* [ABOUT THIS EXERCISE]
Would you retype the whole listing exactly, leaving its pictures out?

* [EXERCISE DATA]
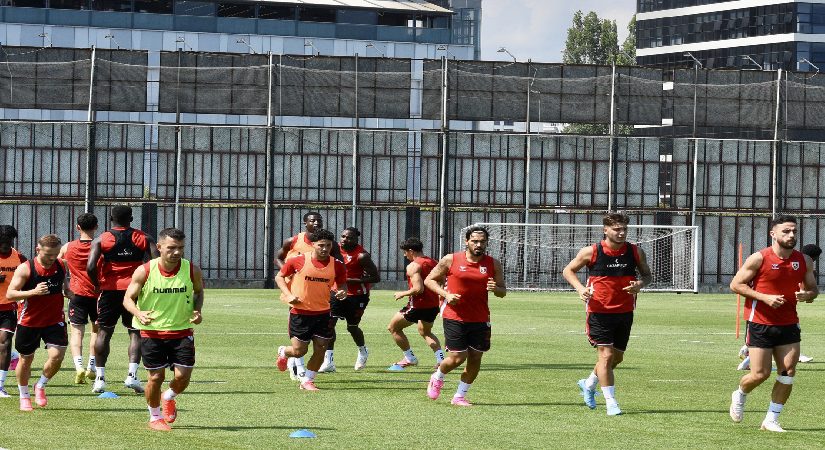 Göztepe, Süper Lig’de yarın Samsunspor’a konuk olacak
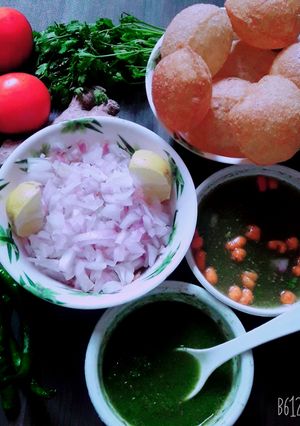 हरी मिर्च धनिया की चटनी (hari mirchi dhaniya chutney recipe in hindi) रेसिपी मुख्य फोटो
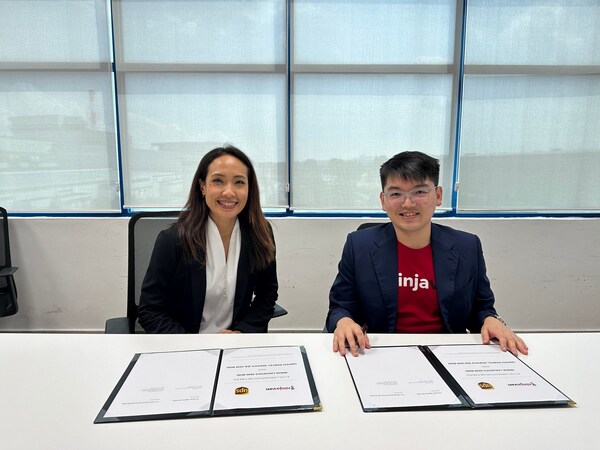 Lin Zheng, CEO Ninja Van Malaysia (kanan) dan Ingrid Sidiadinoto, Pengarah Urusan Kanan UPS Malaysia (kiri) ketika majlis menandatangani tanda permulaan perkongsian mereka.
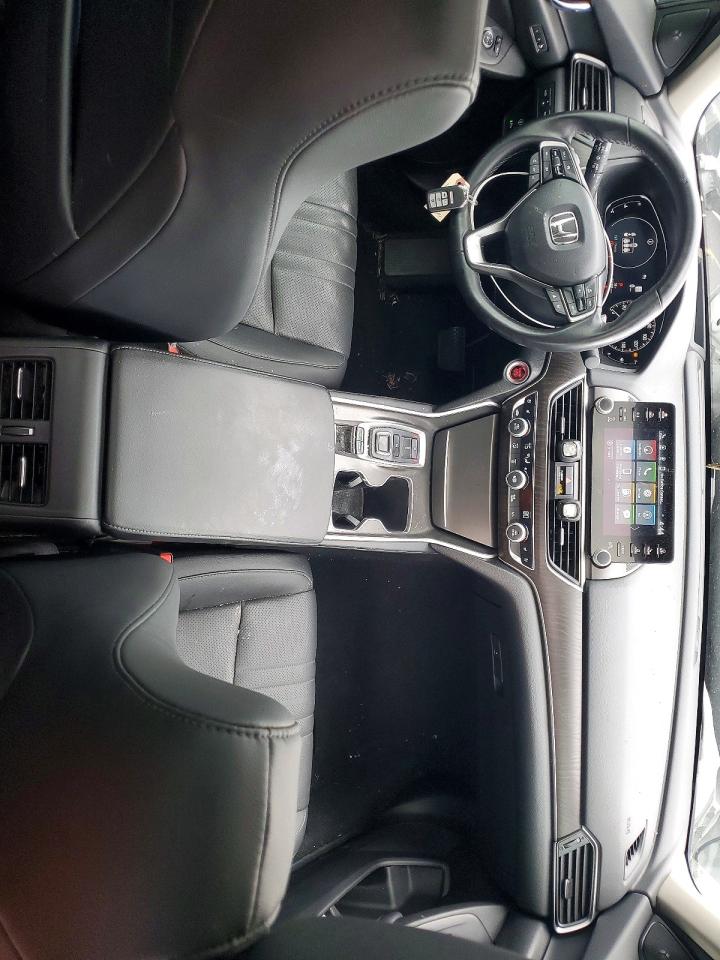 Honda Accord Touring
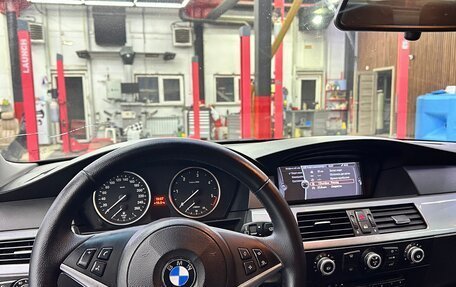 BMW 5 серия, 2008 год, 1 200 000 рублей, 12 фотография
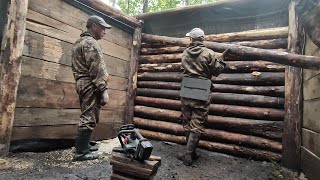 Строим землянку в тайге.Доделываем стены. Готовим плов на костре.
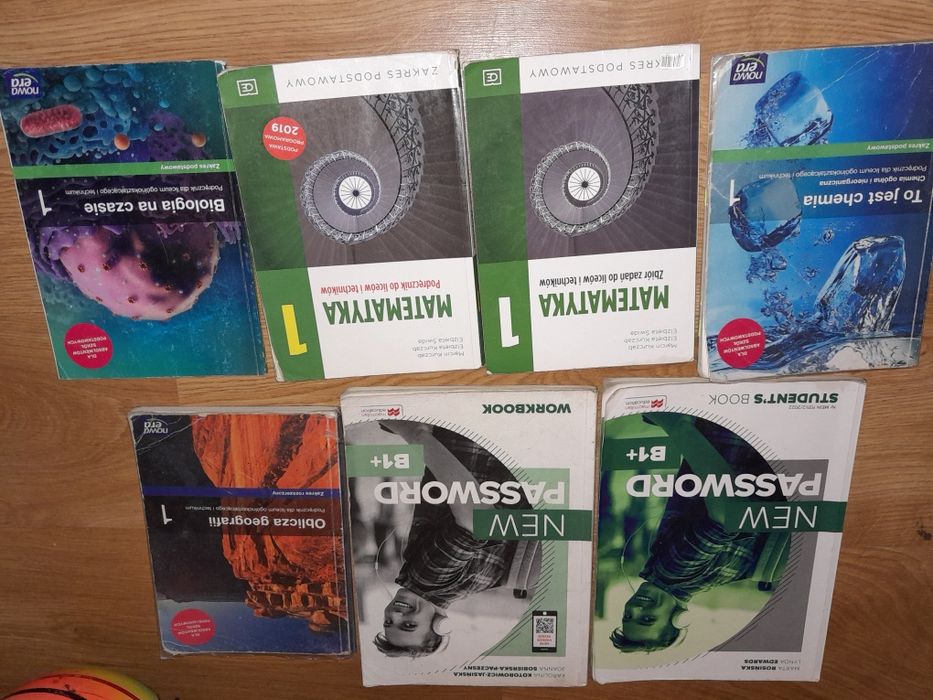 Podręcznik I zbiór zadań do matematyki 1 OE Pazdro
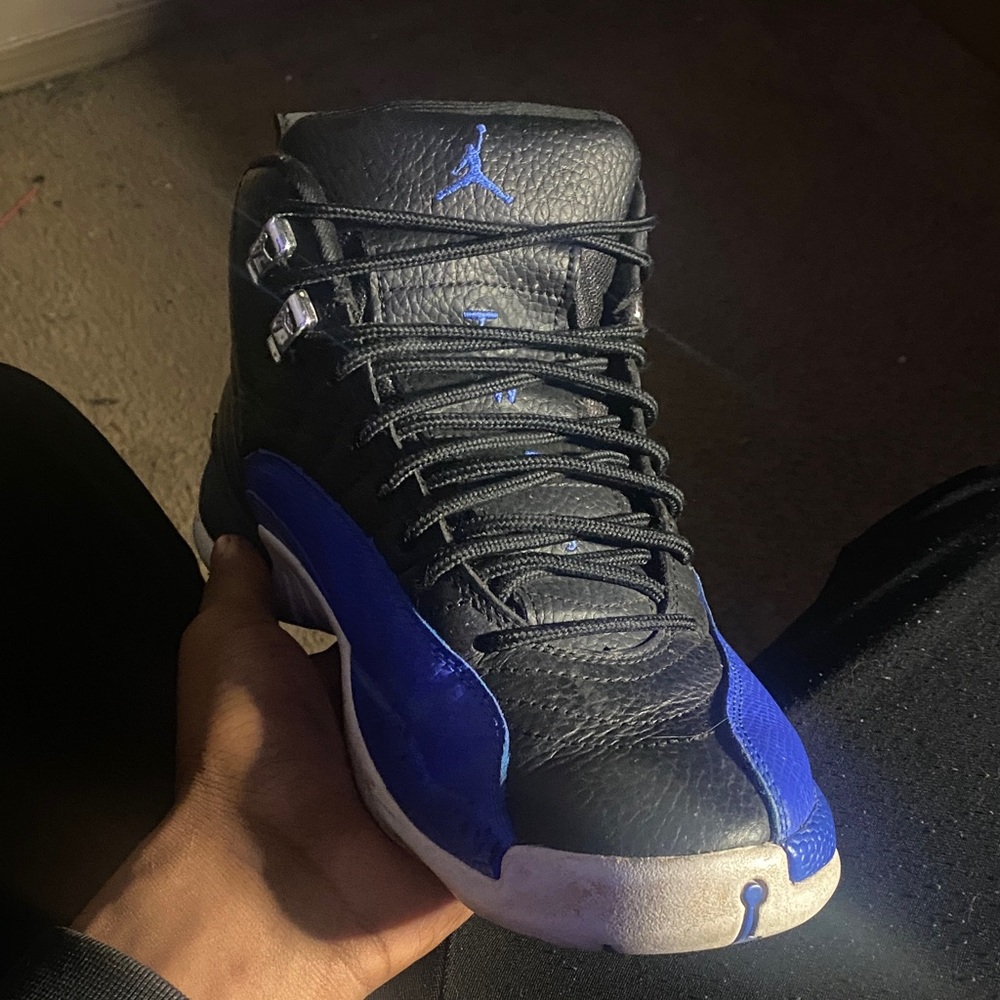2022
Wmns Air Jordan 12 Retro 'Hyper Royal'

* [OUTPUT FOR THIS TASK]
 Göztepe, Süper Lig’de yarın Samsunspor’a konuk olacak
 हरी मिर्च धनिया की चटनी (hari mirchi dhaniya chutney recipe in hindi) रेसिपी मुख्य फोटो
 Lin Zheng, CEO Ninja Van Malaysia (kanan) dan Ingrid Sidiadinoto, Pengarah Urusan Kanan UPS Malaysia (kiri) ketika majlis menandatangani tanda permulaan perkongsian mereka.
 Honda Accord Touring
 BMW 5 серия, 2008 год, 1 200 000 рублей, 12 фотография
 Строим землянку в тайге.Доделываем стены. Готовим плов на костре.
 Podręcznik I zbiór zadań do matematyki 1 OE Pazdro
2022
Wmns Air Jordan 12 Retro 'Hyper Royal'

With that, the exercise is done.